Ma cos’è un’amicizia vera, su cosa si fonda, che cosa la sorregge?
La mostra presente al Meeting di Rimini 2005 “La rosa bianca”, parla proprio di questo, i volti di quei cinque ragazzi e di un professore, condannati a morte nel ‘43 dal terzo Reich tedesco, con l’accusa di propaganda antinazista, sono i volti di giovani che per così dire “non si sono accontentati” di vivacchiare, ma hanno vissuto la loro vita pienamente, scoprendone la bellezza in ogni suo atto, sino a quello che può apparire un paradosso, pagare con la vita la loro voglia di vivere con intensità la realtà.
Sembrava una storia dimenticata ed invece eccola riaffiorare, grazie ad un gruppo di giovani tedeschi di Comunione e Liberazione.
La mostra è stata presentata prima a Colonia durante la Giornata mondiale della Gioventù e poi a Rimini durante il meeeting di Comunione e Liberazione, alla presenza di un’ospite d’eccezione, Anneliese Knoop-Graf, sorella di Willi Graf, uno dei sei amici da cui ha avuto inizio l’esperienza di “Rosa Bianca”. Anche Anneliese è stata arrestata nel ’43 ed è rimasta in carcere per cinque mesi.

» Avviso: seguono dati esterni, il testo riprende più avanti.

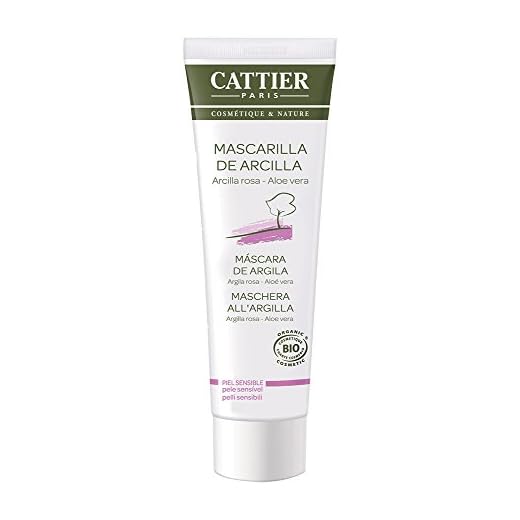 Cattier Mascarilla arcilla rosa - 100 ml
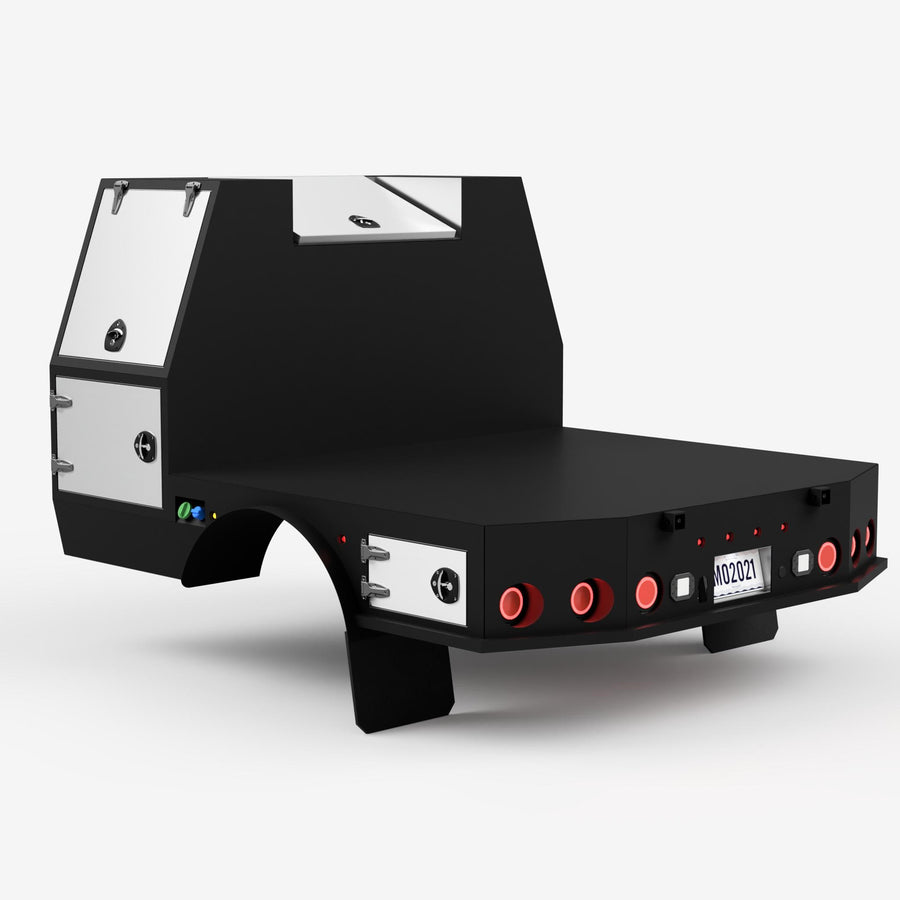 Custom Builds – Black Bison Fab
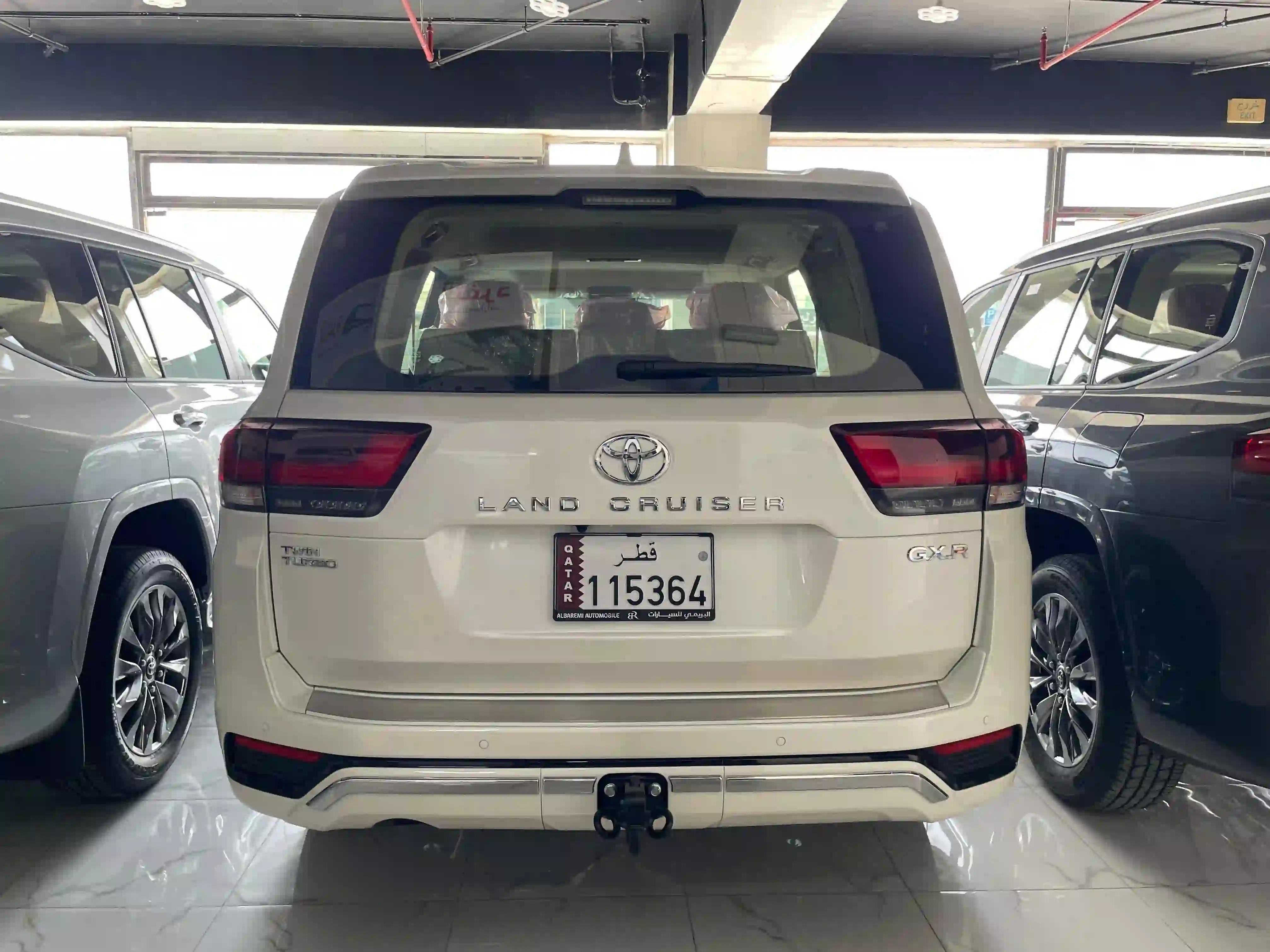 Toyota Land Cruiser GXR Twin Turbo 2026 - Image 3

Oggi è vice presidente dell’“Associazione della Rosa Bianca” e contribuisce a mantenere viva la memoria del fratello e dei suoi amici.
La rosa bianca.
Rosa Bianca è il nome con cui il gruppo firma i volantini, un gruppo per nulla omogeneo ma fondato su un’amicizia che condivide ogni aspetto della vita, le lezioni, la musica, la lettura di libri, anche quelli proibiti, l’amore e la scelta della professione, la ricerca della fede per alcuni, la vita insomma, nulla è escluso o censurato, scriveva Cristoph Probst, uno dei ragazzi che saranno uccisi:
“Di cosa si occupa la maggior parte della gente oggi? A loro tutto sembra importante, tranne l’unica cosa veramente importante: la domanda sul senso della vita! Che triste ironia.”
Una storia durata in tutto nove mesi, dall’estate del 1942 al febbraio del 1943, sei volantini diffusi tra la popolazione e poi il tragico epilogo.
Sembrava tutto finito, forse anche tutto inutile, ed invece quell’amicizia ha dato insperati e inaspettati frutti.
La mostra si snoda attraverso le foto e i documenti ritrovati, lettere, pagine di diario, le ultime c volontà espresse dai ragazzi e dal prof. Kurt Huber, prima di venire uccisi, appare così chiaro come la morte non sia la fine di tutto, ma come ebbero a dire “la vita non è che una grande avventura verso la luce”.
Willi Graf, dopo sei mesi di carcere e con davanti a sé una sentenza ormai irrevocabile, scriverà alla famiglia: «Non dovremmo forse quasi essere lieti di portare a questo mondo una croce che a volte sembra superare qualsiasi misura umana? Questa è in un certo senso letteralmente sequela di Cristo. Non vogliamo limitarci a sopportare questa croce: vogliamo amarla e cercare di vivere sempre più fiduciosi nel giudizio divino. Solo in questo modo si realizza il significato di questo tormento».